> _EXERCISE REQUIREMENTS_
When you reproduce the listing, keep every word as it is and drop the pictures.

> _DATA_
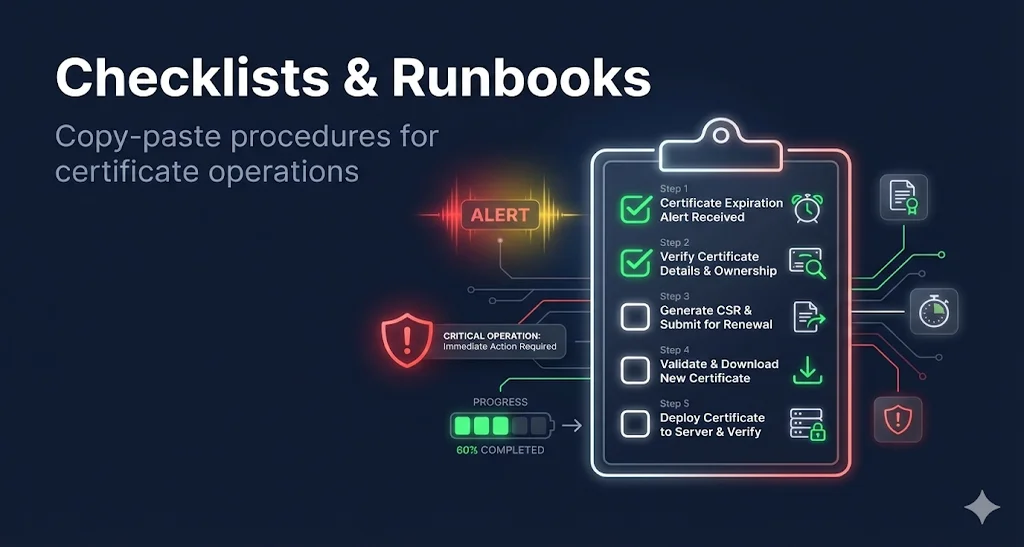 Checklists & Runbooks - Copy-paste ready procedures
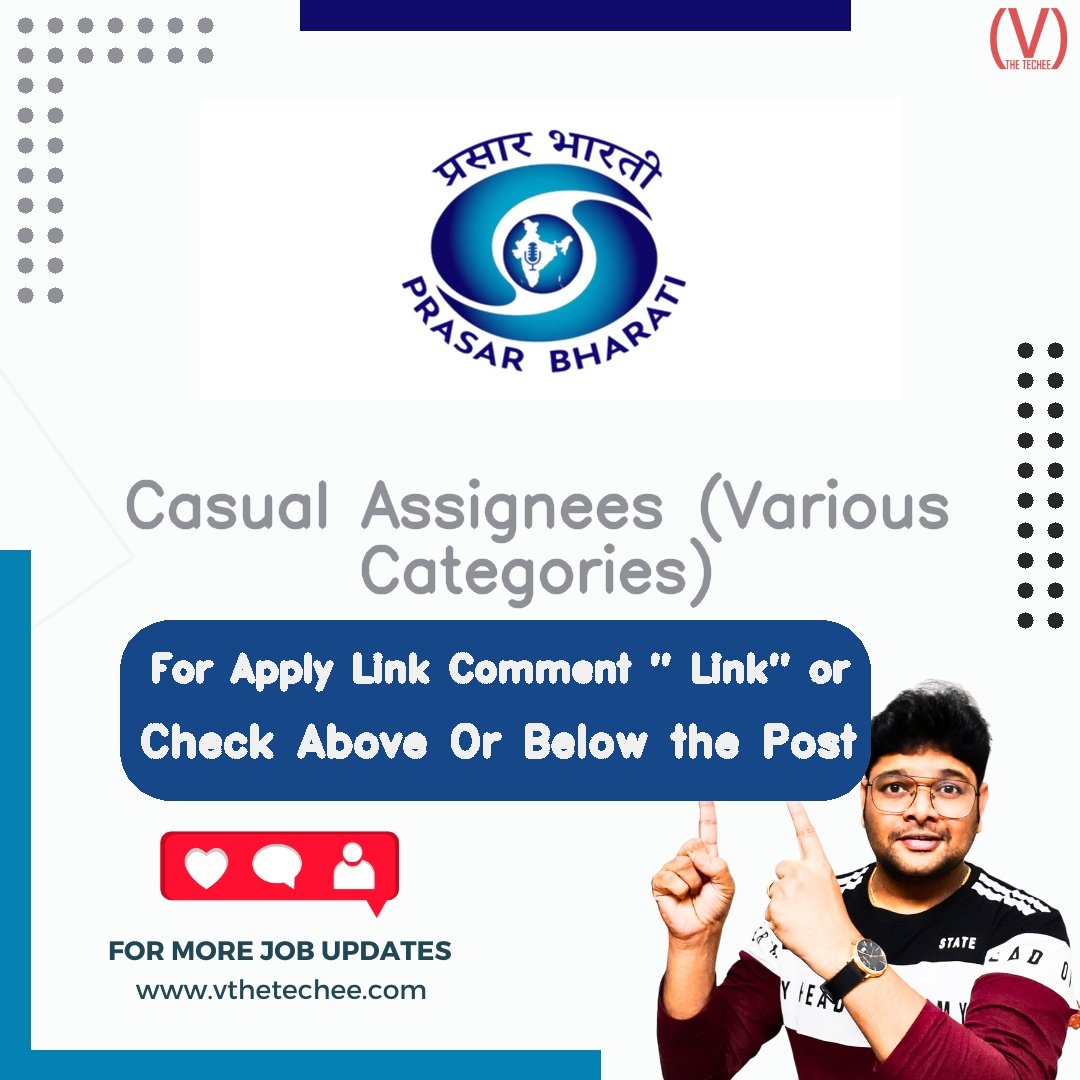 Prasar Bharati hiring poster vthetecheejobs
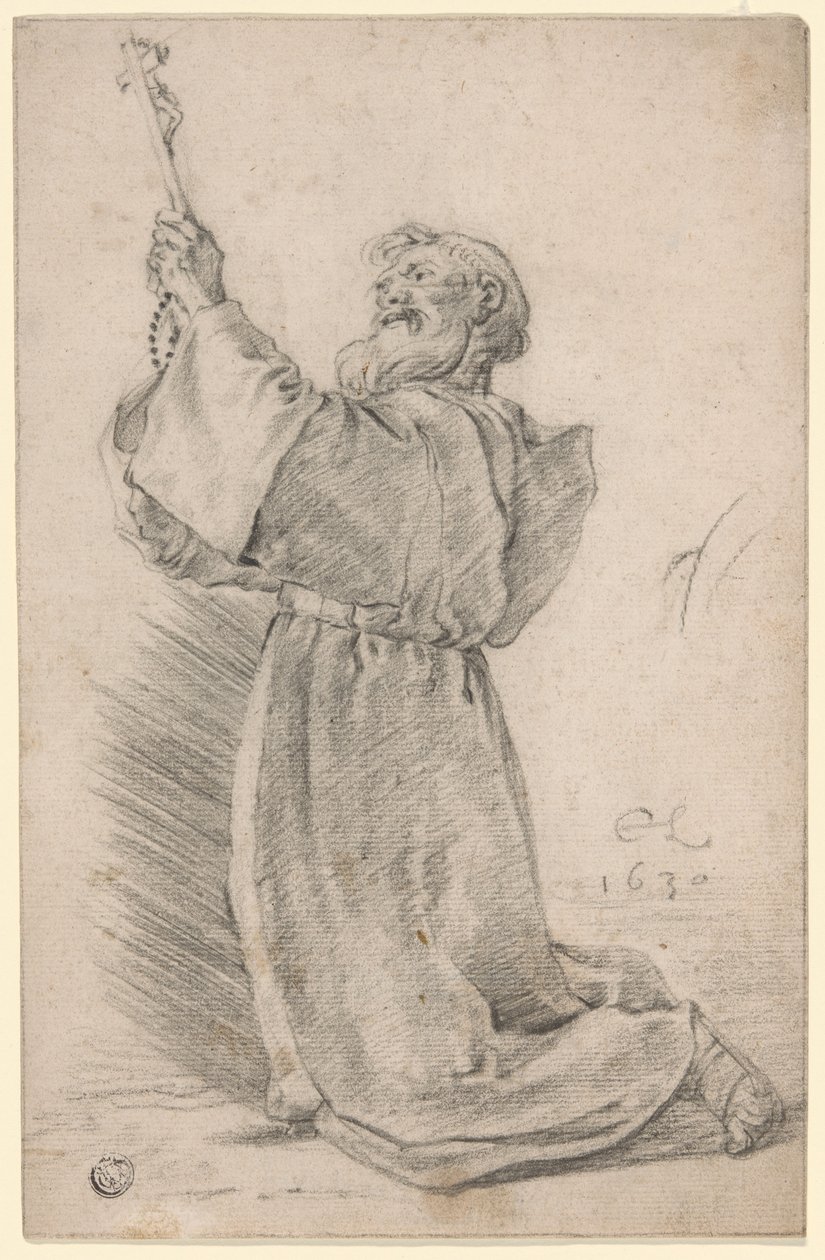 Knielende monnik met crucifix door Cornelis Saftleven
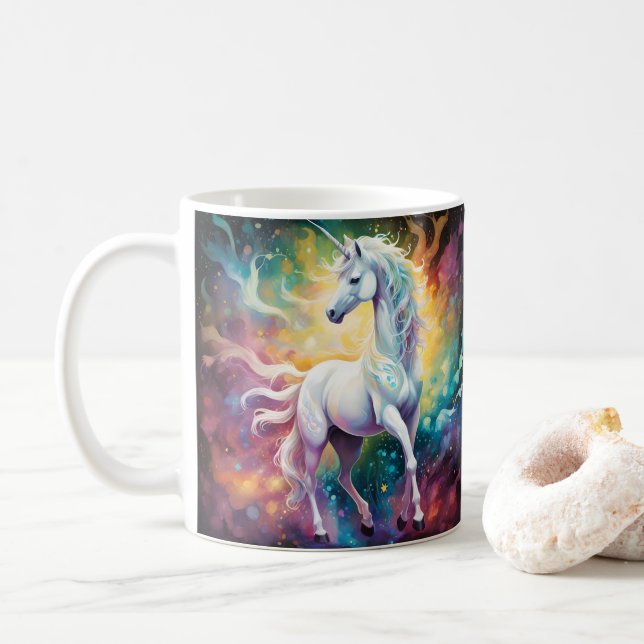 Mug White Wonder : La licorne blanche spectrale (Avec donut)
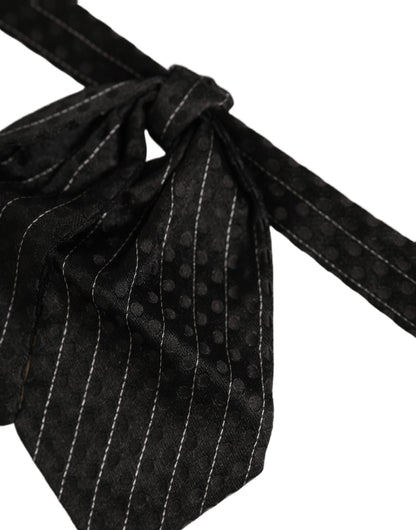 Dolce & Gabbana Men Black Pinstripe Silk Adjustable Neck Papillon Bow Tie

> _RESULT_
 Checklists & Runbooks - Copy-paste ready procedures
 Prasar Bharati hiring poster vthetecheejobs
 Knielende monnik met crucifix door Cornelis Saftleven
 Mug White Wonder : La licorne blanche spectrale (Avec donut)
 Dolce & Gabbana Men Black Pinstripe Silk Adjustable Neck Papillon Bow Tie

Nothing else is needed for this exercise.